• ACTIVITY: A letter-for-letter copy of the listing is required, with no pictures in it.

- Opening Delimiter -

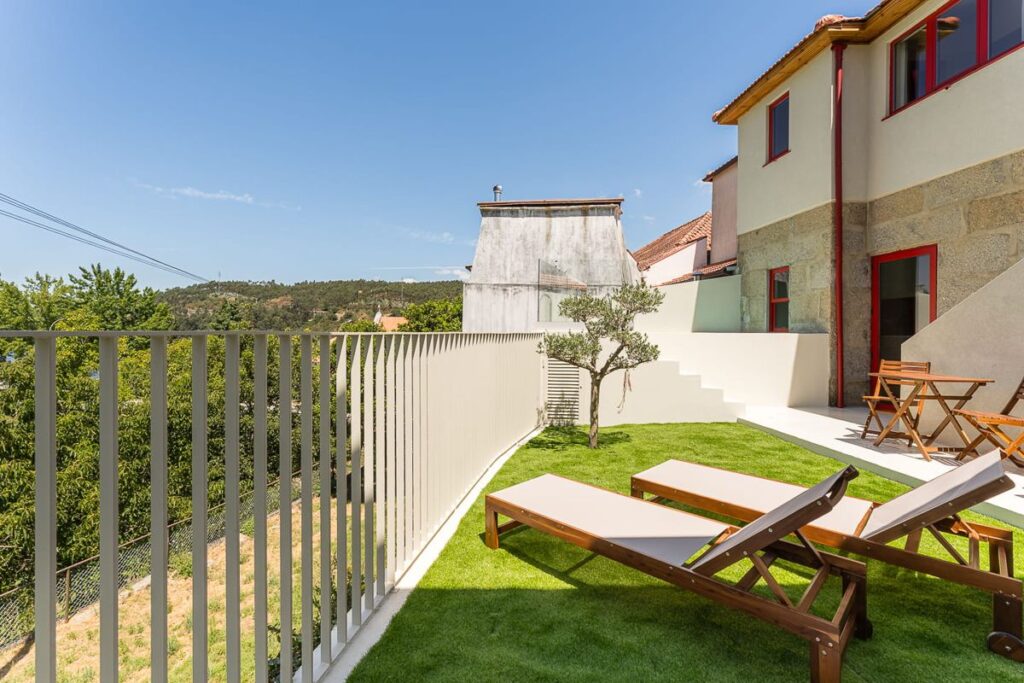 Espreguiçadeiras no relvado junto à casa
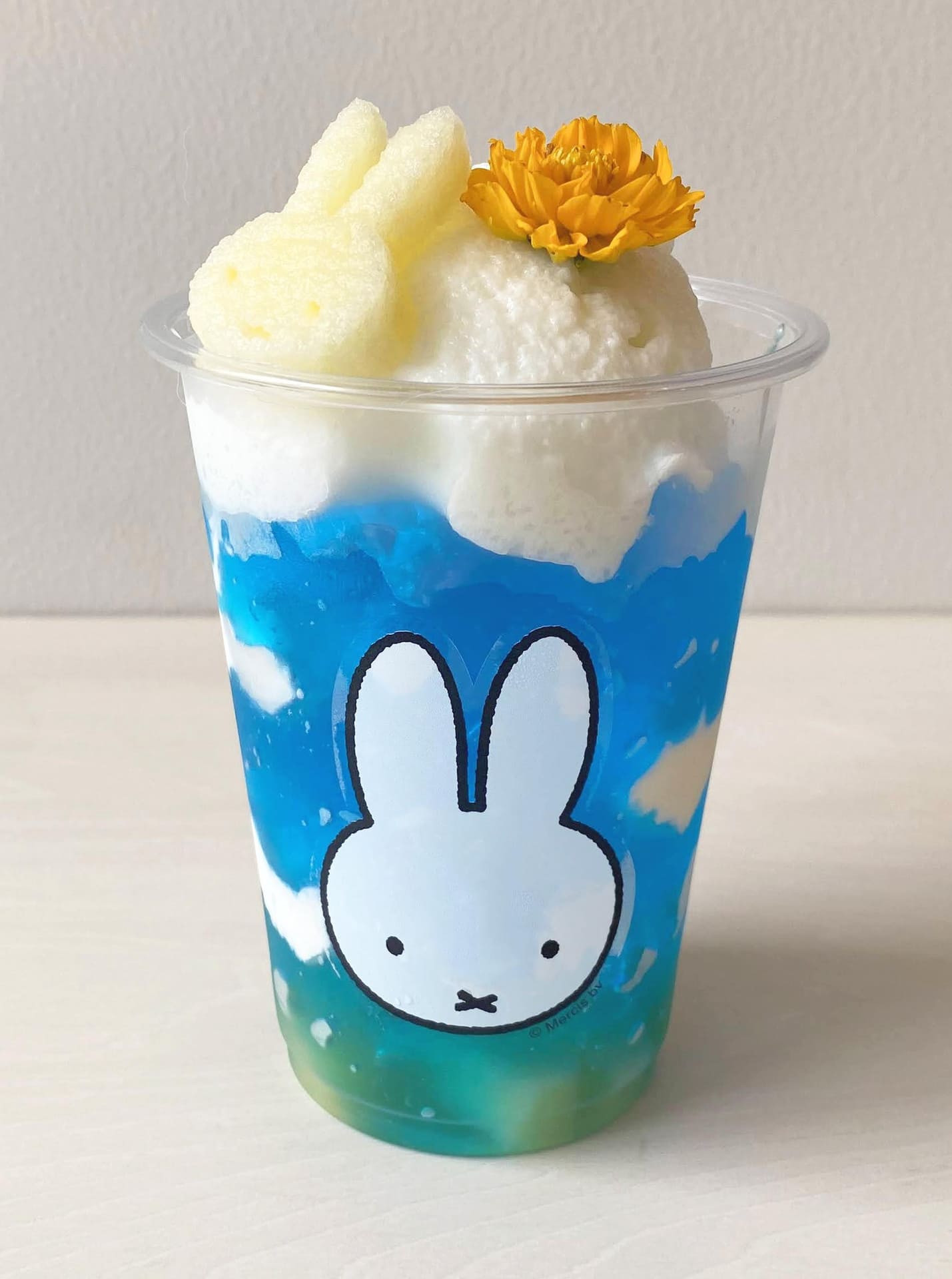 テイクアウト商品「ミッフィーの青空ゼリー」（900円）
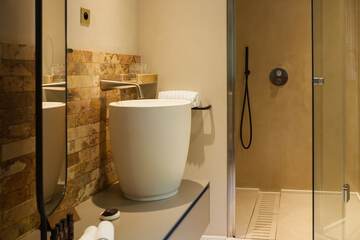 Bathroom sink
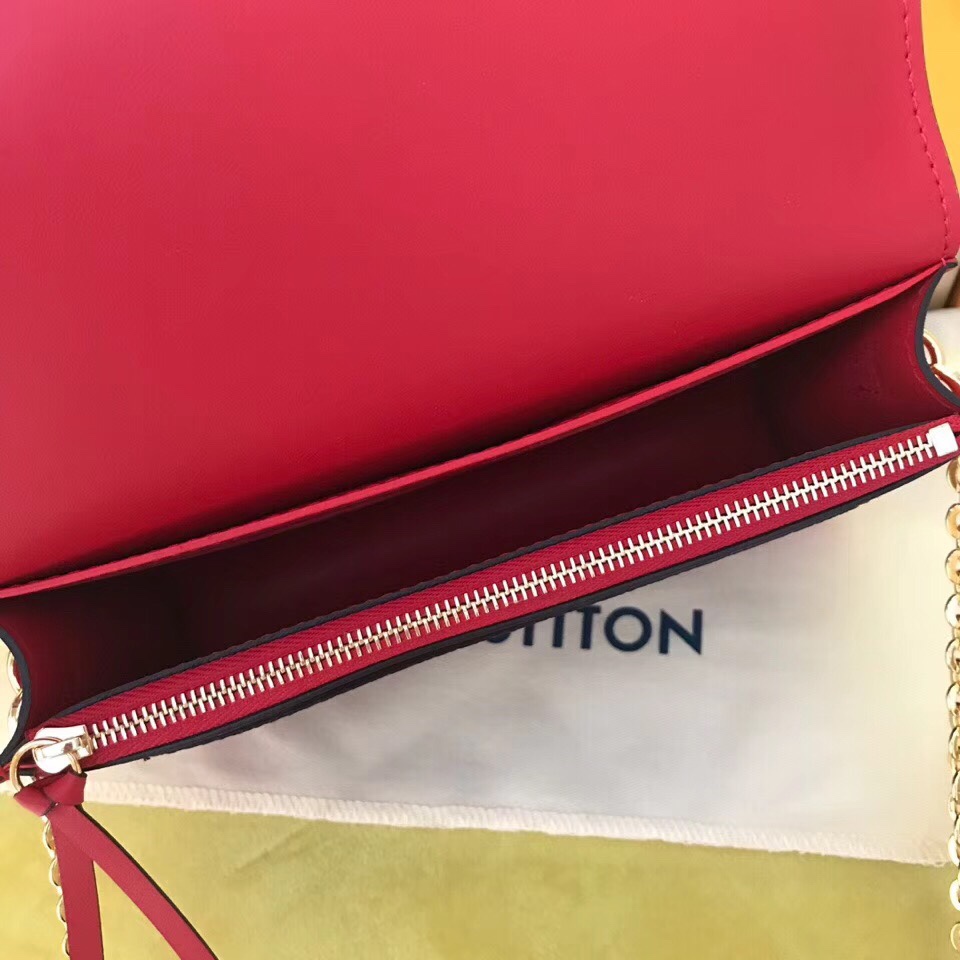 z1243770084921_c0df1086af8079858db7444392911a7b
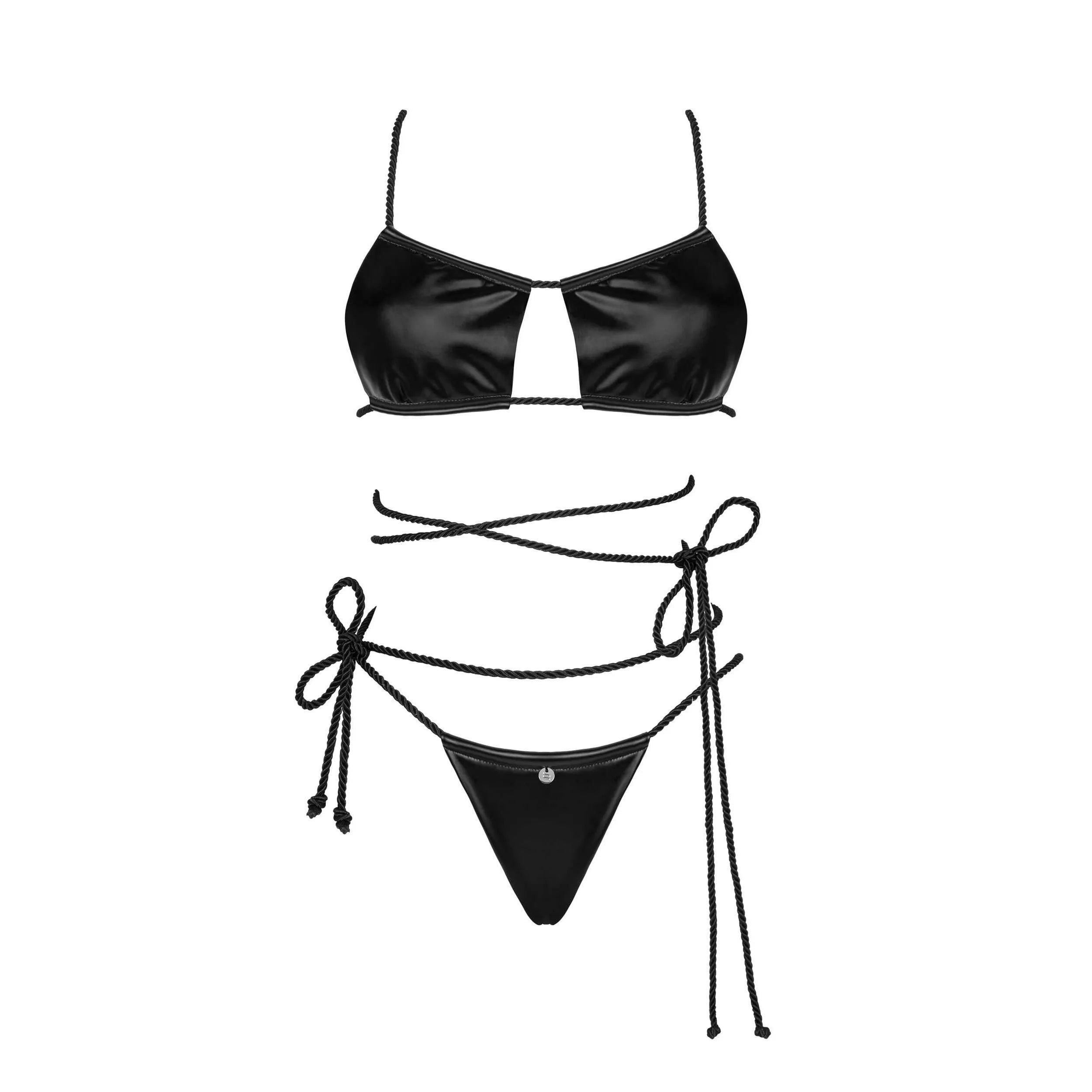 Ensemble lingerie noir brillant wetlook, soutien-gorge et string avec détails pendentif, élégant et glamour.
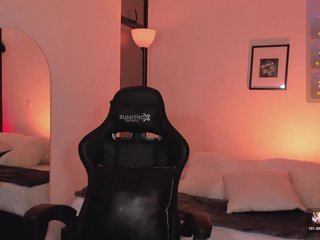ChloeMoreti Porn Show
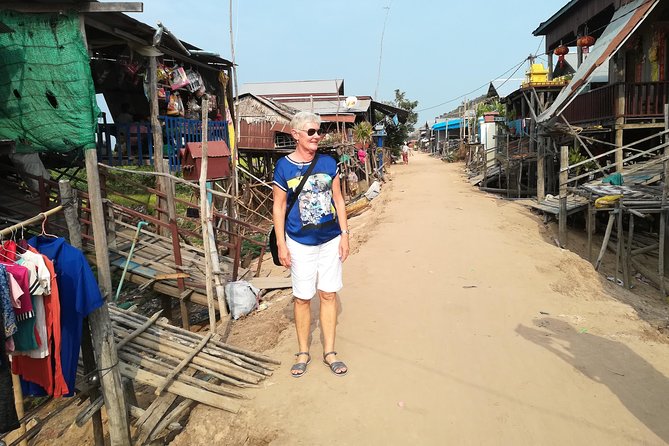 War Museum, Killing Field and Floating village ( Chong Kneas) Tour - Chong Kneas Floating Village: Stilt Houses, Small Shops, and Real Tonle Sap Life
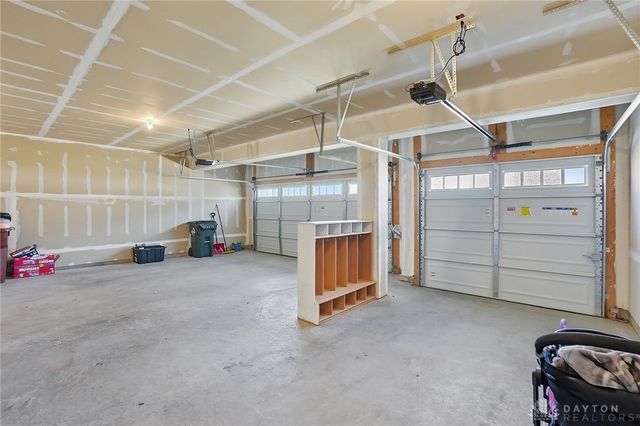 2054 Prestwick Bend, Miamisburg, OH 45342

- Closing Delimiter -

• WRITTEN RESPONSE:
 Espreguiçadeiras no relvado junto à casa
 テイクアウト商品「ミッフィーの青空ゼリー」（900円）
 Bathroom sink
 z1243770084921_c0df1086af8079858db7444392911a7b
 Ensemble lingerie noir brillant wetlook, soutien-gorge et string avec détails pendentif, élégant et glamour.
ChloeMoreti Porn Show
 War Museum, Killing Field and Floating village ( Chong Kneas) Tour - Chong Kneas Floating Village: Stilt Houses, Small Shops, and Real Tonle Sap Life
 2054 Prestwick Bend, Miamisburg, OH 45342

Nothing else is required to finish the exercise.